How to connect in conversation
“Mental health is so directly correlated with our connections to other people,” says Dean of Wellness Kristen Milano. “Miss Hall’s is a connection-based school, where students experience real feelings of support and being included, from trusted adults who they know care about their wellbeing as much as their academics, and from their peers.” She cites the 90 percent overall wellbeing index of Miss Hall’s students, five points above the national average, in this year’s annual wellness survey. “That’s why we do so well.”
As most any parent, teacher, or even teenager can confirm, however, engaging teenagers in the kinds of meaningful conversations that foster this sense of honesty, vulnerability and connection is a challenge that defies inquiries of the How-was-your-day? kind.
Here Dean Milano shares some questions with the specificity to naturally open up dialogue with a young person. “Then listen without judgment to their answers,” she says. “They might need to vent or complain or confide. They might need to just name something and try it on for themselves.” She adds that not reacting is often the only right reaction. “Really what it’s teaching you is how to sit with the emotions of a teenager and not go into solve mode, which is hard to do.”
- Who did you connect with today?
- What’s something that made you feel proud of yourself?
- What was something that challenged you?
- Who or what made you laugh?
- Who did you turn to or who did you trust to help you with something you didn’t want to deal with or experience alone?
How to maintain balance
In Student Life — and in life out there in general — the battle against burnout is real. “If you’re a young person who’s curious and energized and learning about the world, which is what we all want our kids to be, you have this voice that says, ‘It’s so engrained and required for me to gather as many experiences and perspectives as possible,’” says Nikki Buccello, who joined Miss Hall’s in July as Dean of Student Life. “And that’s wonderful. But then your midterms are coming up at the same time you’re in playoffs at the same time you’re practicing your Spanish for a trip to Mexico, and you know you’re not up to capacity to deliver.”
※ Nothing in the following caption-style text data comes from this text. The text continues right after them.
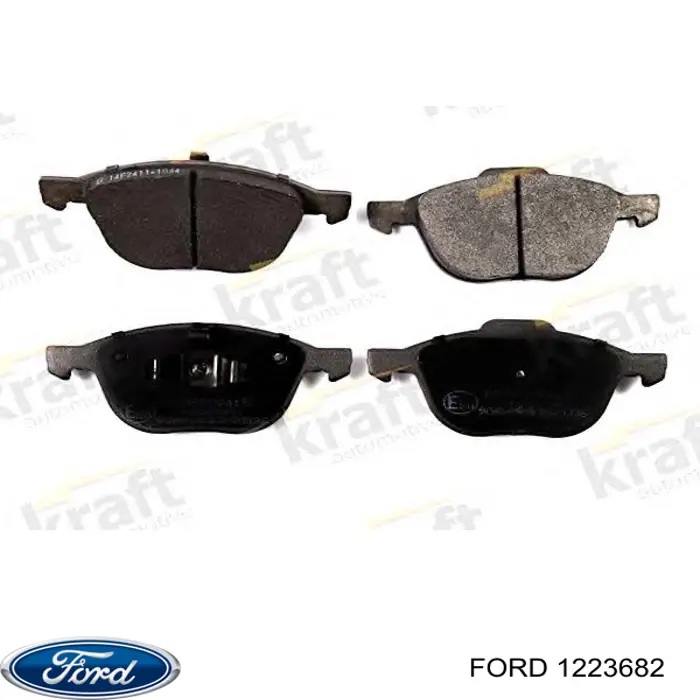 Comprar 1223682 Ford Pastillas delanteras de freno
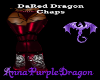 DaRed Dragon Chaps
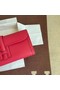 Hermes Original jige swift Leather Clutch 37088 plum  Replica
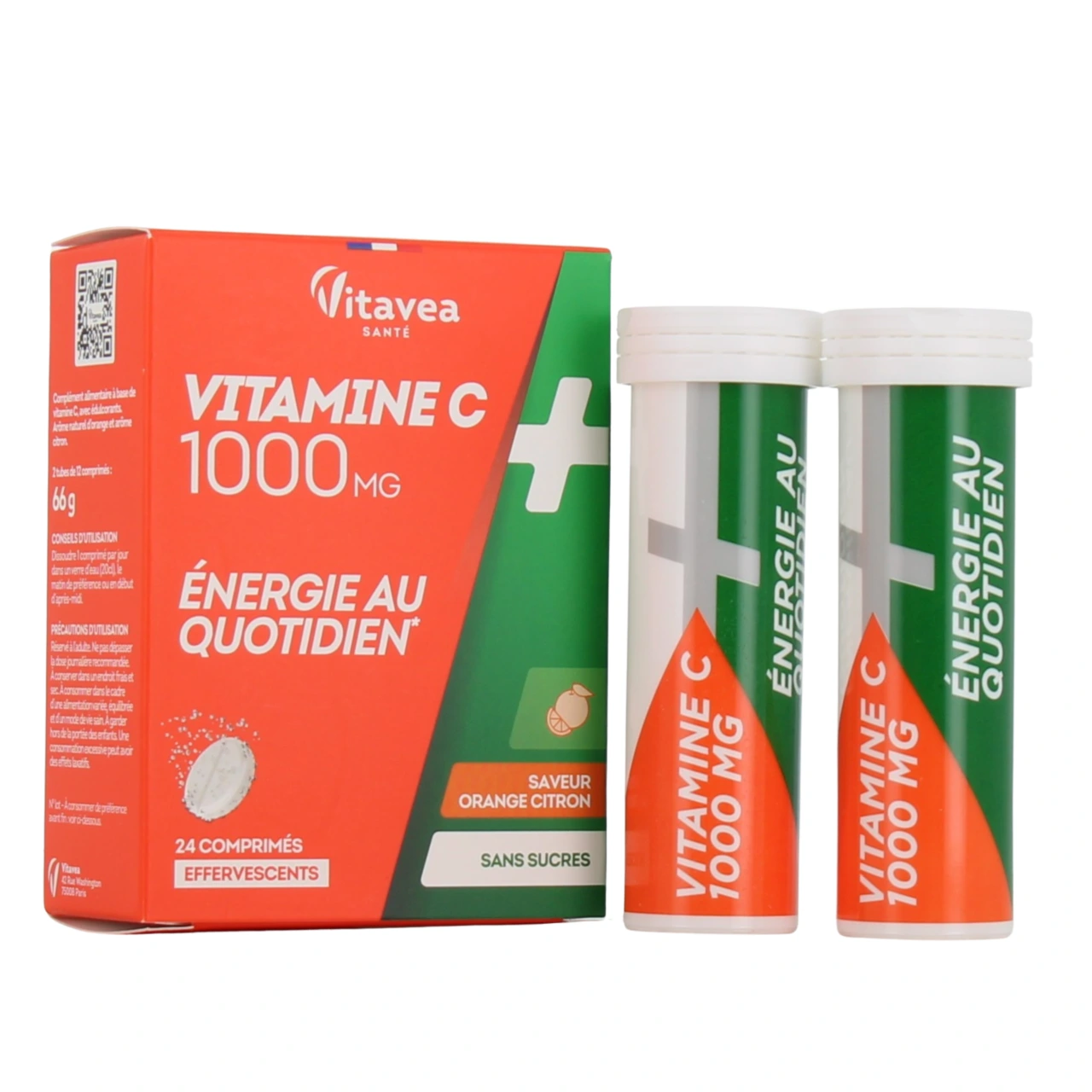 Nutrisanté Vitamine C 1000mg - Vue 3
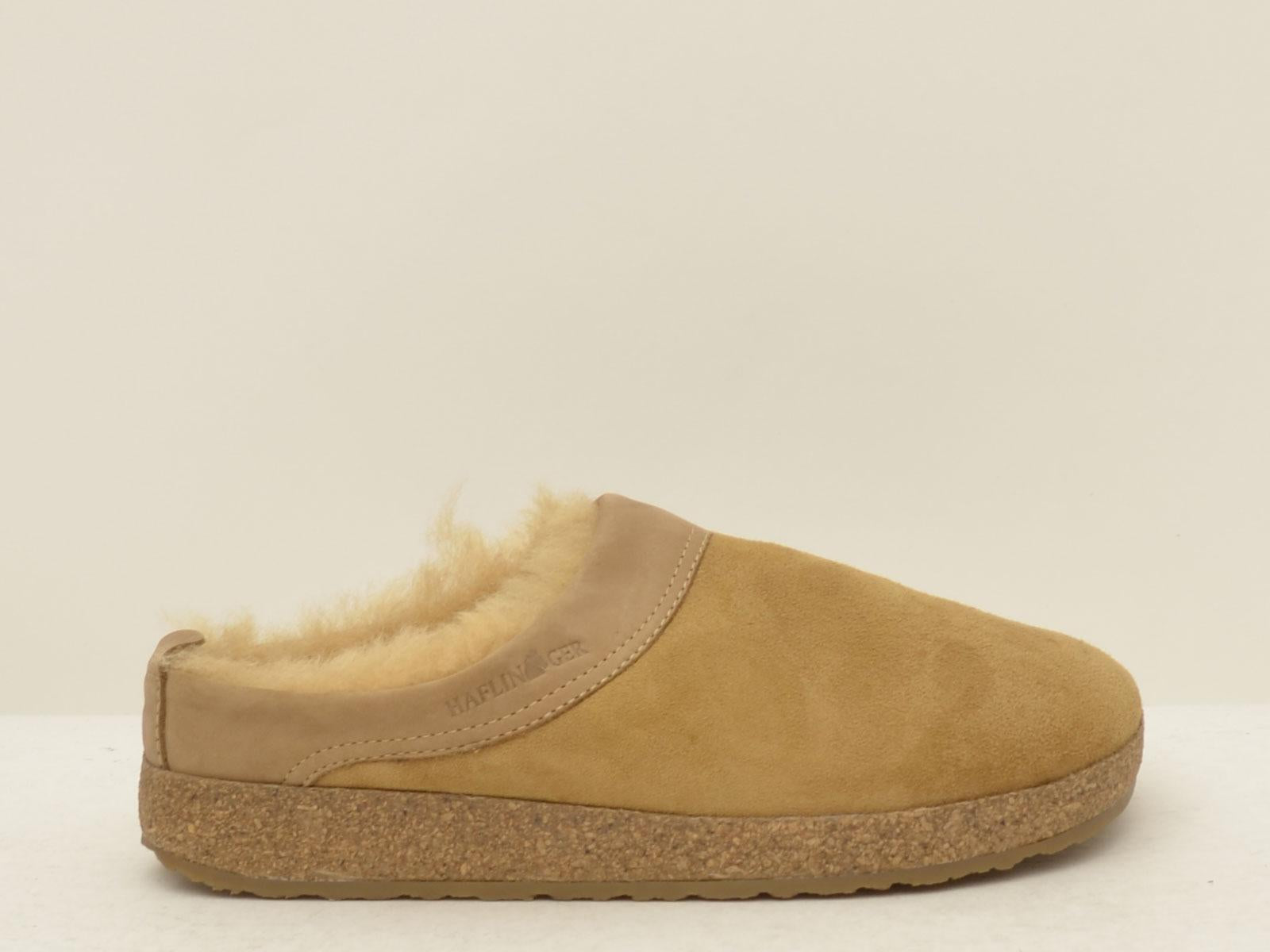 sabot snowbird in shearling 713015 46BEIGEMELIEBERT HAFLINGER 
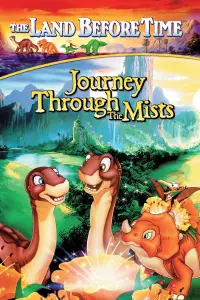 Poster to the movie "The Land Before Time IV: Journey Through the Mists" #298812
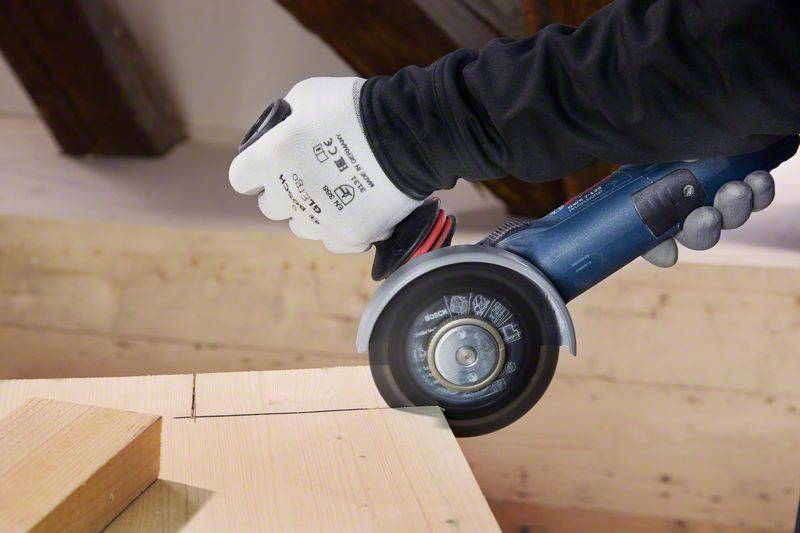 Bosch Accessories GWS 10 2608623011 Trennscheibe gerade 76 mm 1 St. Holz, Kunststoff
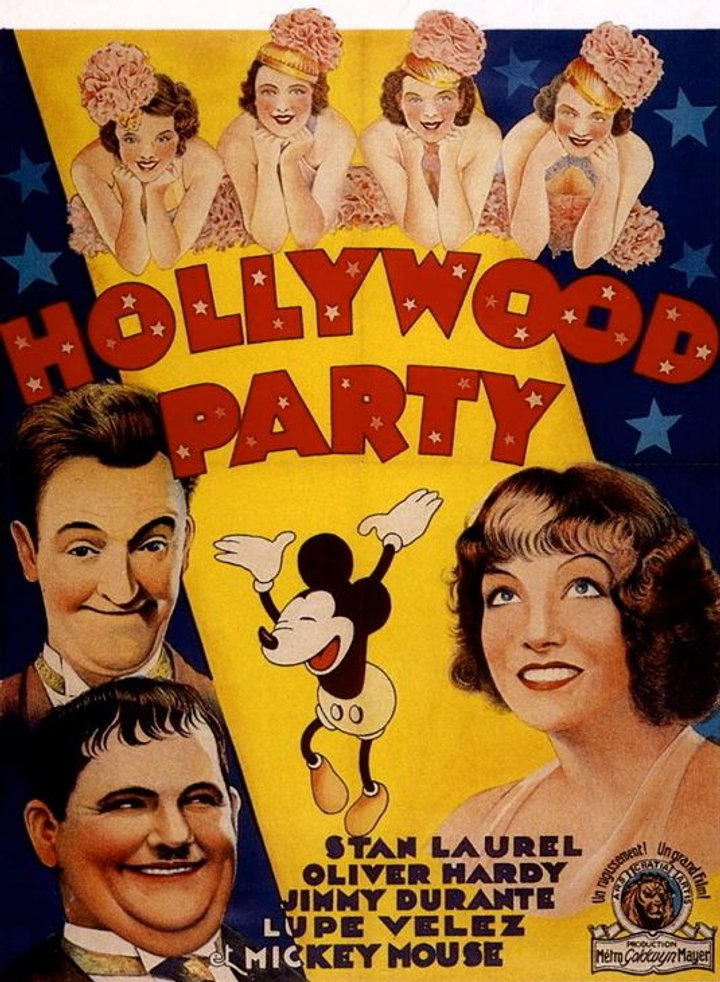 Hollywood Party (1934) Poster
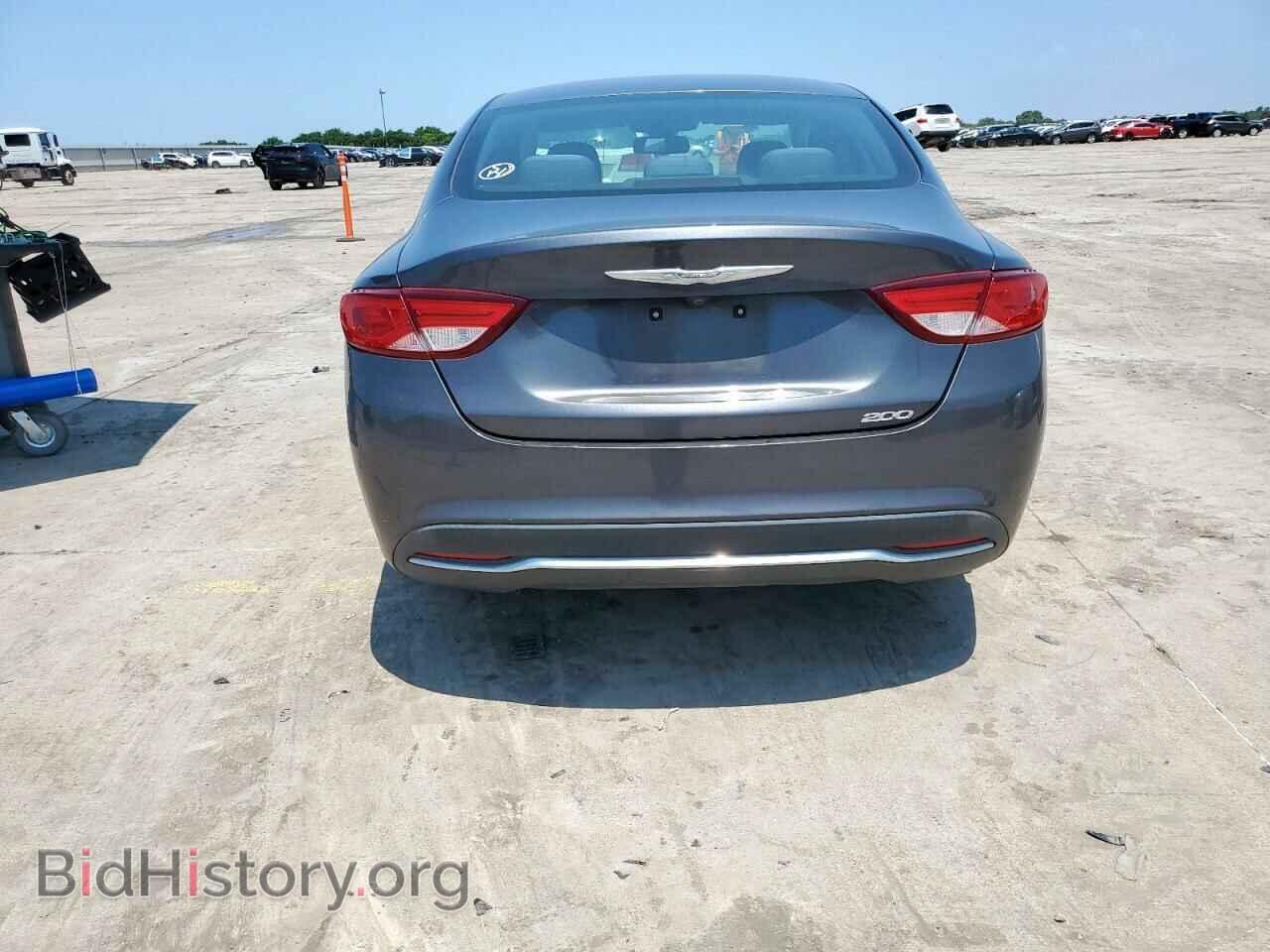 2016 CHRYSLER 200 - VIN: 1C3CCCAB8GN142555 - Фото 6
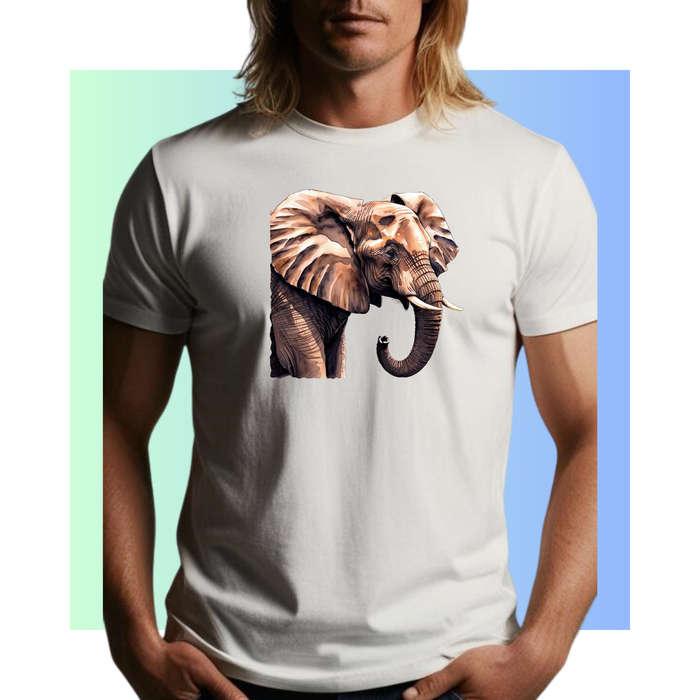 Not The ZOO - Wisdom in every stride - Elephant - Unisex Crew Neck Tee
Dean Buccello suggests some approaches to recognizing, honoring, and maintaining a healthy balance between the ambitious pursuit of and essential care of self:
- Counter culture. The default setting of the world we live in is always going to be do more, take on more. “You hear it everywhere, this boast of I stayed up ’til four in the morning,” Dean Buccello says. Not to give into its pull calls for handle-with-care countermessaging. “Is that something you should be proud of?” she asks. “You want to be very intentional in fighting the impression that especially a young person isn’t doing what needs to be done if they’re not up all night.” It’s a matter of supporting and encouraging the student who fears there’s failure in their recognizing, “Um, so I can’t do this. I have to get rid of a class,” she says, “and I’d say, ‘That’s fine, good for you.’ This is success. This is you knowing how to take care of yourself.”
- Pay attention. If a student is afraid of what they see as failing to meet demands that are too much for them, they have to think of a way out. This looks different for everyone, says Dean Buccello. “They may be avoiding a friend or their homework’s not consistent,” she says. “And if it’s happening it doesn’t happen all at once or all in one place. It’s happening in the dorms, in the classroom, at lunch.” This is the time for “more eyes on them, letting them know they have a deep network of support.”